Department of Radiation Oncology, Odette Cancer Centre, University of Toronto, Toronto, ON, Canada

Contributions: (I) Conception and design: All authors; (II)Administrative support: All authors; (III) Provision of study materials: All authors; (IV) Collection and assembly of data: All authors; (V) Data analysis and interpretation: All authors; (VI) Manuscript writing: All authors; (VII) Final approval of manuscript: All authors.

Correspondence to: Dr. May N. Tsao, MD, FRCP(C). Department of Radiation Oncology, Odette Cancer Centre, 2075 Bayview Ave. Toronto, ON M4N 3M5, Canada. Email: may.tsao@sunnybrook.ca.

Abstract: Bone metastases represent a significant health care problem in the cancer population. The most common symptom for bone metastases is pain. Bone metastases may also cause pathologic fracture, spinal cord compression, cauda equina compression and serum calcium disorders. This review article summarizes the epidemiology, diagnostic modalities, role for radiation, and future directions as it pertains to bone metastases. Radiotherapy is an effective and standard modality for the treatment of painful complicated and uncomplicated bony metastases. Further strategies are needed to optimize pain relief, quality of life and survival in the bone metastases cancer population.

Keywords: Bone; metastases; radiation


Submitted Apr 08, 2019. Accepted for publication Jun 13, 2019.

doi: 10.21037/apm.2019.07.09


Introduction

Epidemiology

Bone metastases represent a significant health care problem in the cancer population. It is estimated that bone is the third most common site of metastases after lung and liver. Common primary cancers which tend to metastasize to bone include breast cancer, prostate cancer and lung cancer (1). One autopsy series reported that 70% of breast cancer patients had metastases to bone (2).

Diagnosis

Plain X-rays are useful in identifying bone metastases and can help characterize if the metastasis is osteolytic, osteoblastic, or mixed. Plain X-rays can also diagnose pathologic fractures and impending fractures. Plain X-rays are inexpensive and readily accessible.
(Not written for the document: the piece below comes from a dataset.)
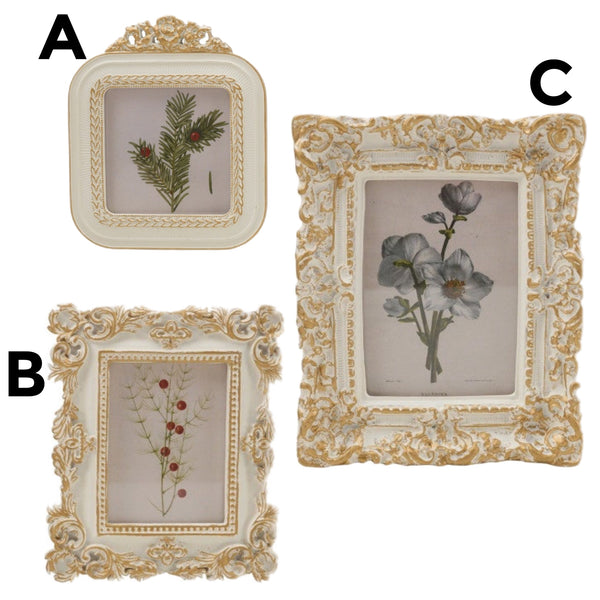 Assorted Floral Print In Cream & Gold Frame Wall Print, INDIVIDUALLY SOLD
However, plain X-rays may miss the presence of bone metastases.

Bone scans have the highest sensitivity for osteoblastic metastases but may not pick up osteolytic bone lesions (such as seen in multiple myeloma). Bone scans allow visualization of the entire skeleton.

Computed tomography (CT) can help with discrepancies not visualized on plain X-rays but picked up on bone scans. The thickness of cortical bone invasion, periosteal reaction, spatial structure and assessment of soft tissue metastatic extent can also be assessed on CT scans.
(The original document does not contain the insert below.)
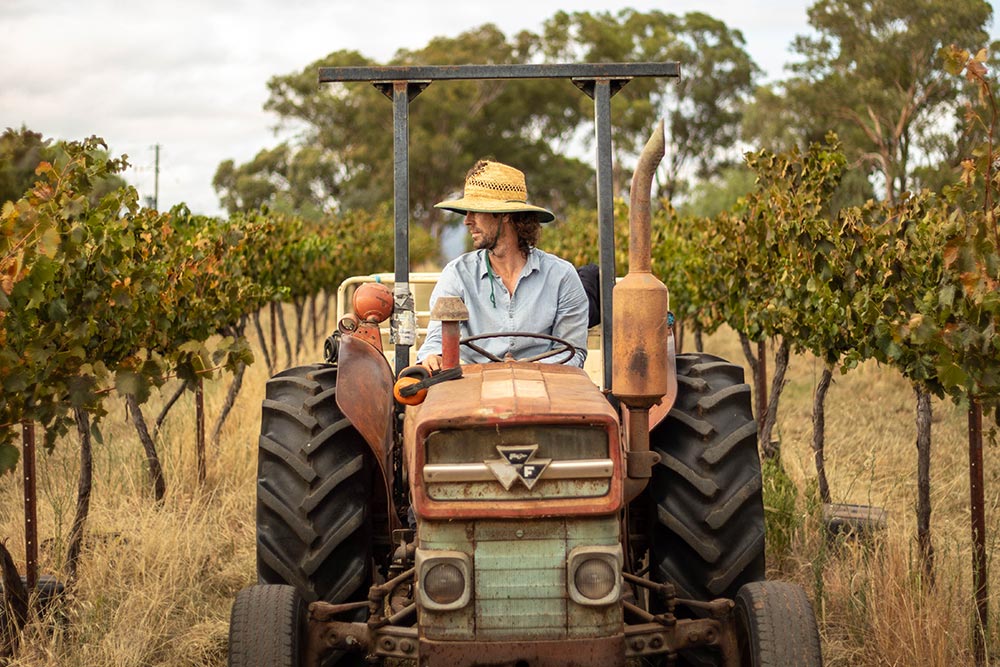 Liam on a tractor at Heslop Wines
Magnetic resonance imaging (MRI) is very useful in assessing spine metastases and the extent of malignant spread into the spinal canal. Spinal cord compression, cauda equina compression, leptomeningeal spread, and intramedullary metastases to the spinal canal are best visualized on MRI.
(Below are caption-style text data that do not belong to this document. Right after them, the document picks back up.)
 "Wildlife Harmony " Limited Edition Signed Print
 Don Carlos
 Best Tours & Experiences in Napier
Positron emission tomography (PET) combined with CT, used routinely for staging of certain cancers such as lung cancers and hematologic cancers can also detect the presence of malignant bone involvement.

Symptoms

Pain

The most common symptom for bone metastases is pain. However, why some bone metastases are painless while others are associated with pain is poorly understood. The presence of pain may not be correlated to the type of primary cancer, location, number or size of the bony metastases (3). The periosteum, which covers the external surface of bone, is highly innervated with nociceptors. It is believed that for some bone metastases, the nociceptors of the periosteum are activated causing the sensation of pain. It is also believed that chemical mediators of pain such as prostaglandins are important for the sensation of pain. Analgesics and radiotherapy for localized bone pain are standard therapies to treat symptomatic bone metastases.

Pathologic fracture

Bony metastases may weaken the integrity of normal bone such that the bone may be at risk of pathologic fracture. The Mirel score (4) is a scoring system which predicts the risk of pathologic fracture in patients with long bone metastases (Table 1). A total score of 7 or less can be safely irradiated without risk of fracture. However, total scores of 8 or higher require orthopedic assessment for prophylactic fixation prior to irradiation.

Table 1
Table 1 Mirel score
Full table

Spinal cord compression/cauda equina compression

Spine bone metastases may result in spinal cord compression, usually by extradural compression. Other types of spinal cord compression include intradural (intramedullary and leptomeningeal). Resulting symptoms include back pain, weakness, numbness, and sphincter deficits. This medical emergency requires urgent diagnosis and treatment to prevent permanent disability due to irreversible spinal cord injury. A population-based study reported that 2.5% of all cancer patients who died of their disease had at least one admission for malignant spinal cord compression (5). Management involves steroids (if not medically contraindicated), surgery for good prognosis patients who are medically and surgically operable, and radiotherapy (given post-operatively or in those who do not proceed to surgery) (6).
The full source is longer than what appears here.